Check to see if a file is generating

Hi guys,

I am pulling my hair out here. I have a file that comes in, once it finishes i want to move it to a new location. This sounds all very easy but my solution is failing and moves the file before it has finished generating.

isrun=`ps -ef | grep -i filename | grep -v grep | wc -l`

while [ $isrun -gt 0 ]
do
sleep 60
done

i test this on the command line it works fine. while the file is generating the result is greater than 0 . But i just ran this and it grabbed the file before it finished generating. Can someone explain what i am doing wrong and or give me a simple solution. I'm sure there maybe an easier way (maybe using fuser) but it drives me insane when everything tells me it should work and it fails to. I am self taught on UNIX so im still learning, any help would be aprreciated

Is the file being generated byyour account - i.e., the process runs under your username.
If this is Linux, you can use the /proc filesystem to see if there exists a file descriptor open for that file. When the descriptor goes away, the file is done generating.

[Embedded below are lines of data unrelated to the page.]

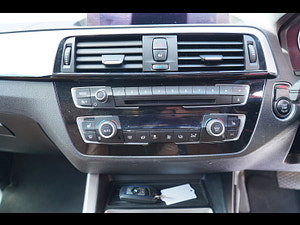 BMW 1 Series thumbnail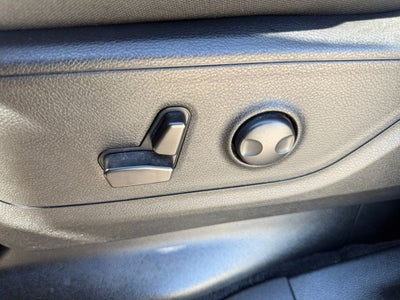 2025 RAM 1500 Big Horn Crew Cab 4x4 6'4' Box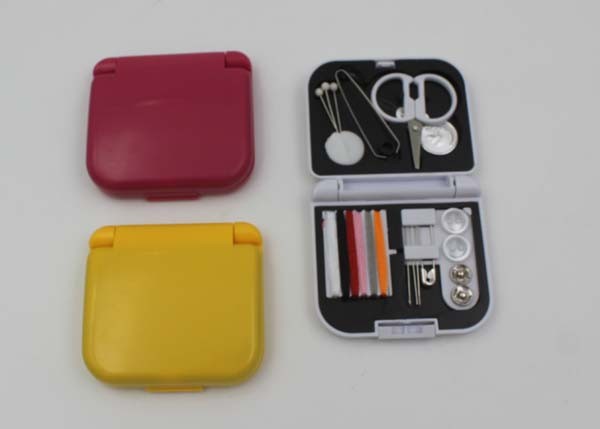 Custom Professional Mini Sewing Kit Items With Comb / Emergency Sewing Kit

You can also use inotify, lsof, or fuser to see if that process has the file open. Depends on the OS.

Please identify the OS and shell you are using. Then we can give you exact help.

1 Like

First you need to precisely define "done". Then how do you handle error conditions?

And you need to take into account the only entity that knows for certain that the file is "done" - and correct - is whatever is writing it.

Even checking if a process has the file open isn't going to tell you the file is "done" with certainty - that ignores error conditions, such as when a network connection fails.

1 Like

Thanks for the replies, Jim the system I am using is a Solaris. With very strict restrictions on plugins. So I think fuser maybe the way to go? Could you suggest away to use that?
Also achenle thanks for your input. Good points made. Will have to consider the error handling when I get past this little snagget.

---------- Post updated at 10:39 PM ---------- Previous update was at 10:30 PM ----------

Just had another thought. Could I use cksum in some way?
cksum file grab it using awk '{print $1}' then checking it again and comparing the cksums? Not sure on how to do that but maybe an approach?

The easiest way to know that a file is complete is to also write a marker file, so if you are sending it with ftp or similar, you would do the following on the sending:-

cd $target_dir
put $file
put /dev/null $file.OK

On the receiving server, you write you script to look for $file.OK and then you know you have the file.

Of course, you should put an error check after you think you have sent the data file before writing the flag file else the receiving server will just grab it.

If you want to use a checksum, you could use this as content to the flag file, assuming that the sender and the receiver are using the same check-sum algorithm, i.e. the output from sum is very different to cksum and it depends what each side has.

So, on the sender, something like:-

cksum $file >$file.OK
ftp ......... # whatever you usually put here
   cd
   put $file
   put $file.OK
   quit

And on the receiver:-

cksum $file > $file.cksum
diff -q $file.OK $file.ckcum
if [ $? -ne 0 ]
then
   echo "Transfer error"
   exit
fi

Of course you could use the m5sum functions to make this neater if you wish with:-

md5sum $file>$file.OK
ftp .......etc.

...and...

if [ ! -z "`md5sum --quiet -c $file.OK 2>&1`" ]
then
   echo "Transfer error"
fi

Does this logic help?

Robin

1 Like

You didn't reply to jim's first question. "Is the file being generated byyour account - i.e., the process runs under your username.?"

If yes, you need to use the correct way of implementation. i.e. Only move the complete file to the final directory. It means, use some temp location while it being written, when finished, move to final location.

1 Like

Thanks, great replies. Alas the file is sent from a 3rd party and all I do with it is wait till its complete and send it onto someone else. This is a manual task so I thought I would automate it. I am surprised at the problems I ran into. In my head I am thinking easy. Got to love unix and how you can do 1 thing several ways.

  1. is the file there
  2. has it finished generating
  3. send the fiile.

why cant I think of an elegant way to do that.
Thanks guys for taking the time to help a self taught noob.

As rbatte1 posted, you have to design the "done" part into the way you transmit the file.

Without that, there is no elegant way to do it.

As said before, fuser is appropriate here.
Much better than comparing times with ls -l (which is less overhead than comparing the contents with cksum ).

file=filename
while :
do
  pid=`fuser "$file" 2>/dev/null`
  [ -z "$pid" ] && break
  echo "$file is in use by process"
  ps -p "$pid"
  sleep 60
done
echo "$file is completed."